Open pavel-farar opened 1 year ago
Thanks for the suggestions. There has been a significant shift in preferred style (and spacing) for this letter over the last 20 years since Gentium was originally designed. At that time I received good help and positive feedback from Czech designers who were very happy with the current design. If I were designing it today I would make it much more vertical and tucked in closer to the letter.
Since the current design has been established for so many years, and has many fans, we're not likely to change it a lot. However we are (finally) looking at adding many more kerning sequences to the fonts for the next major release and will try to improve the spacing, esp. with lowercase letters without ascenders.
Kerning pairs will definitely improve the readability of the words with these letters.
You might also consider making the advance width of ď and ľ smaller. This would have another advantage: the right margin of the text would look better if one of these letters were at the end of the line. It is similar to hanging punctuation, but it doesn't have to be an all or nothing case.
Thanks again for your nice fonts.
Thanks
The letters ď and ť are used in the Czech language. All four letters are used in the Slovak language.
The ideal for words with the letters ď, ť, ľ and Ľ is:
The word containing one of these letters should be compact, the possition of the following letter should be the same as if the same letter without the accent were used. For example the spacing in the word loďka should be the same as in lodka.
The accent should not collide with the following letter.
It should be clear that the accents belongs to the correct (left) letter and not the following one.
It is often difficult to do all that at the same time and some trade-off must be made.
Currently, there is much bigger space in the Gentium fonts after a letter like ď than after the respective letter without an accent. It would be great if you could consider improving this in the next release of the fonts. There is no rush for you, of course.
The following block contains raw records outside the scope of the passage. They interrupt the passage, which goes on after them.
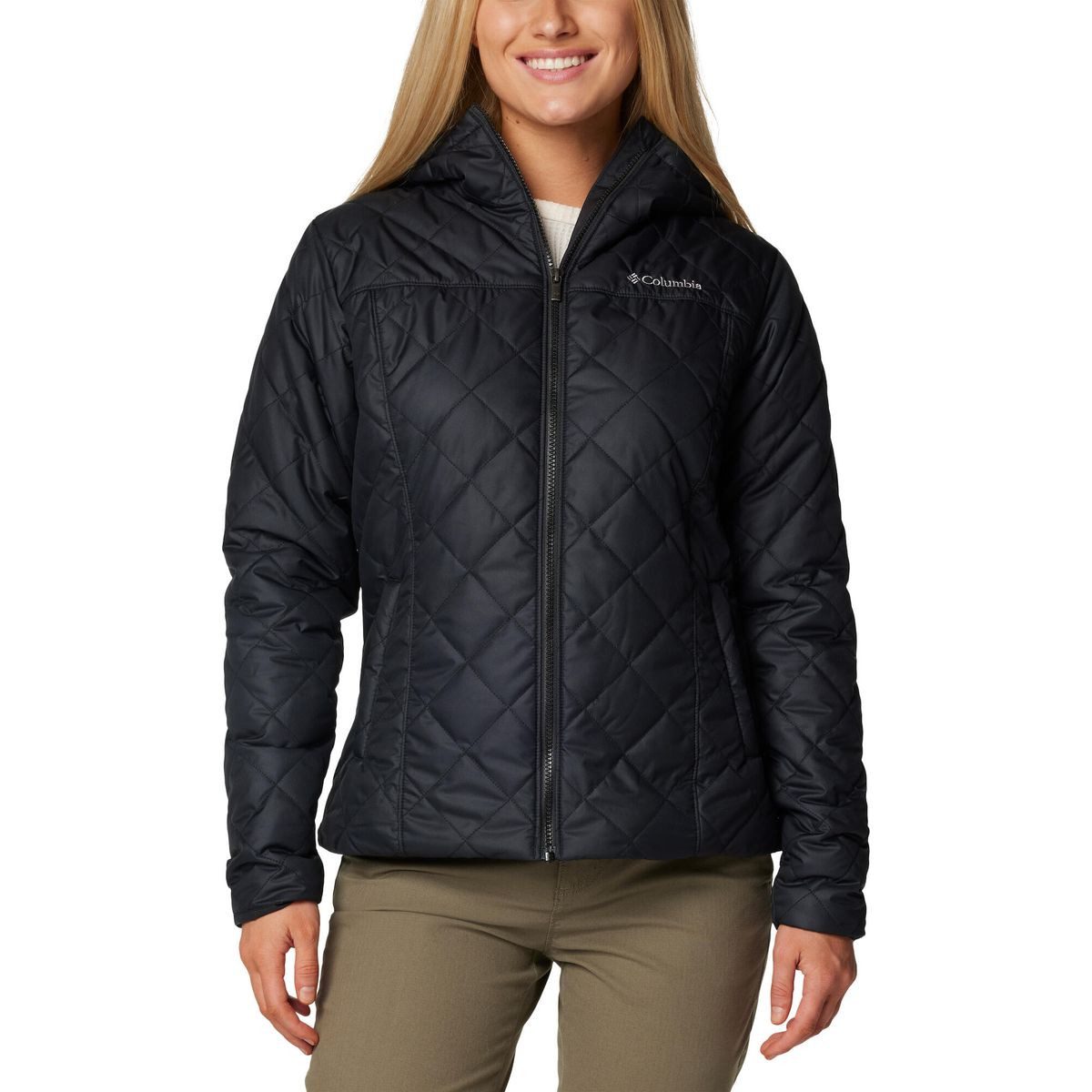 Columbia Outdoorjacke Copper Crest II Hooded Jacket Warme, isolierte Kapuzenjacke mit Fleece-Futter, Omni-Shield™ Schutz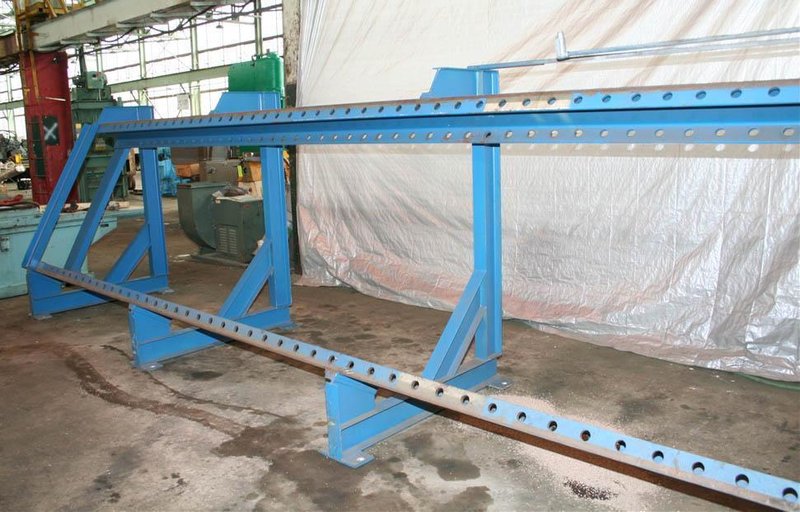 150 TON X 20' DAKE HORIZONTAL INCLINED WHEEL PRESS: STOCK #56640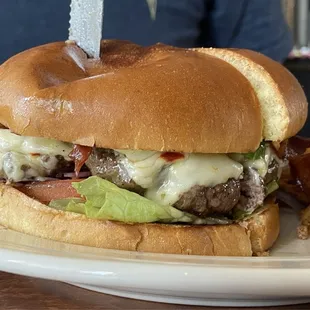 Jalapeño burger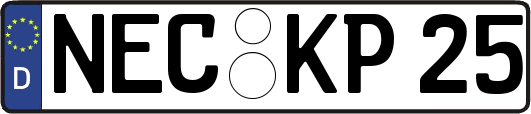 NEC-KP25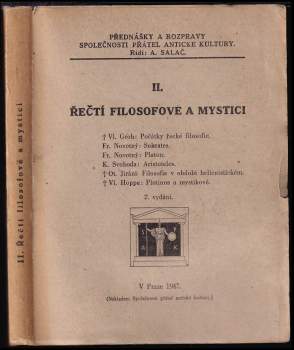 Řečtí filosofové a mystici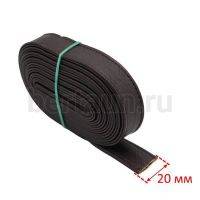 Ручки сумочные ПЛОСКИЕ № 98 2 см*2м коричн. новинка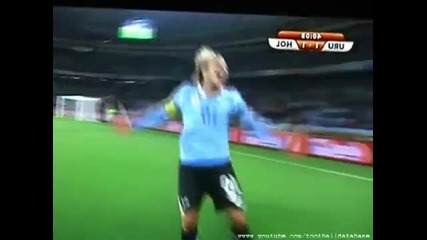 Uruguay - Netherlands 2 : 3 Всички Голове 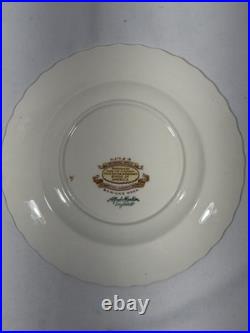 Vintage Alfred Meakin Made In England 12 Porcelain Bird Plates 8.5 Assorted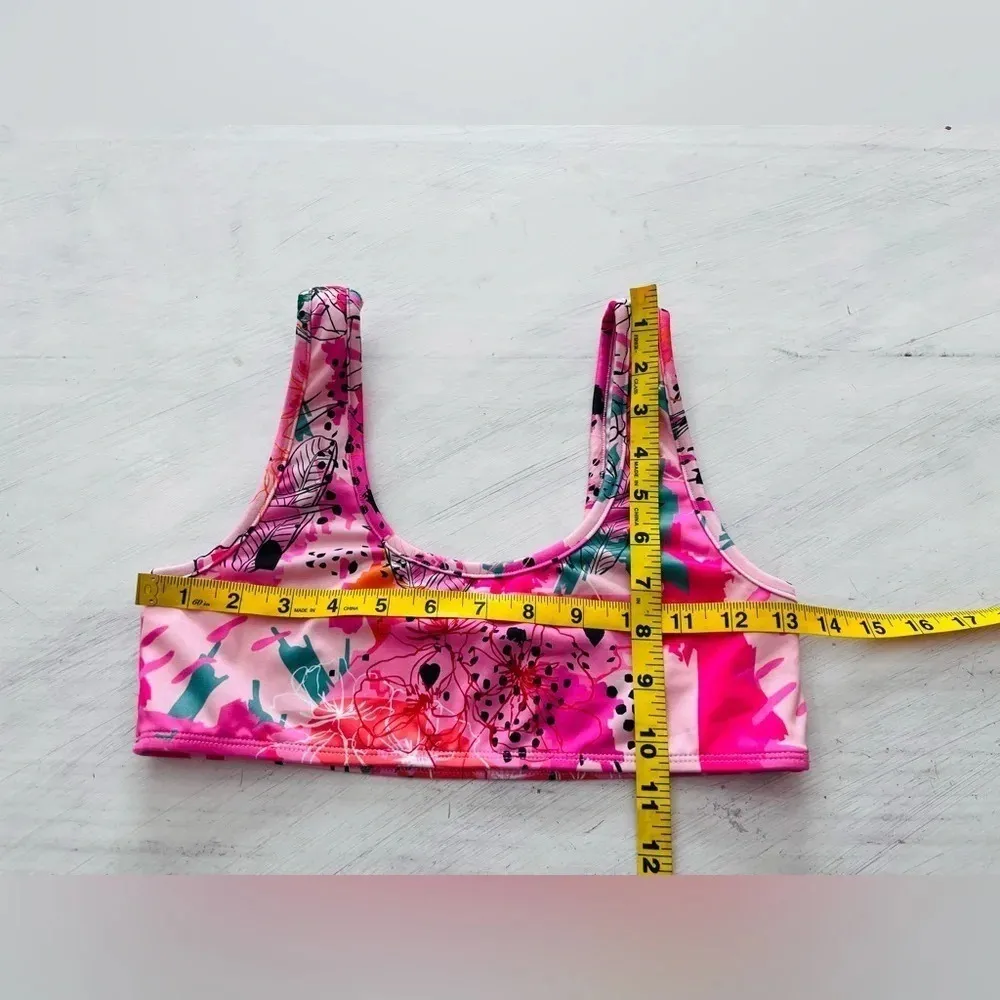 Free People Roopa x Beth Richards Basic B Bikini Top Size Medium NWOT $110 - Image 5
One way of improving this is adding some kerning pairs. This is the way, how it is done in the Type 1 version of the fonts that you kindly permitted to create for the typesetting system TeX. However, there are better ways (smaller advance width and the shape and position of the accent).
If you would like to look at these kerning pairs (and/or the remaining kerning pairs added to the Type 1 fonts for TeX) or something else, just let me know and I will provide it in a way that will be best for you.
Most fonts are bad when it concerns these letters. Here are some samples of how this should look.
First, fonts from Adobe:
https://fonts.adobe.com/fonts/garamond-premier
Garamond Premier Pro Regular
Garamond Premier Pro Bold
https://fonts.adobe.com/fonts/minion
Minion Pro Regular
Minion Pro Bold
Now, fonts by Czech type designer František Štorm and his StormType foundry:
https://www.stormtype.com/families/baskerville-original
Baskerville 10 Pro
Baskerville 10 Pro Bold
https://www.stormtype.com/families/hercules
Hercules
Hercules Bold
You can see two basic shapes of the accent.
The most common trade-off is between not increasing the distance between letters and collision of the accent and the following letter.
Some discussion about this topic can be found here:
https://typedrawers.com/discussion/4429/lcaron-and-dcaron
I hope that it is sufficient to get the first idea of the issue.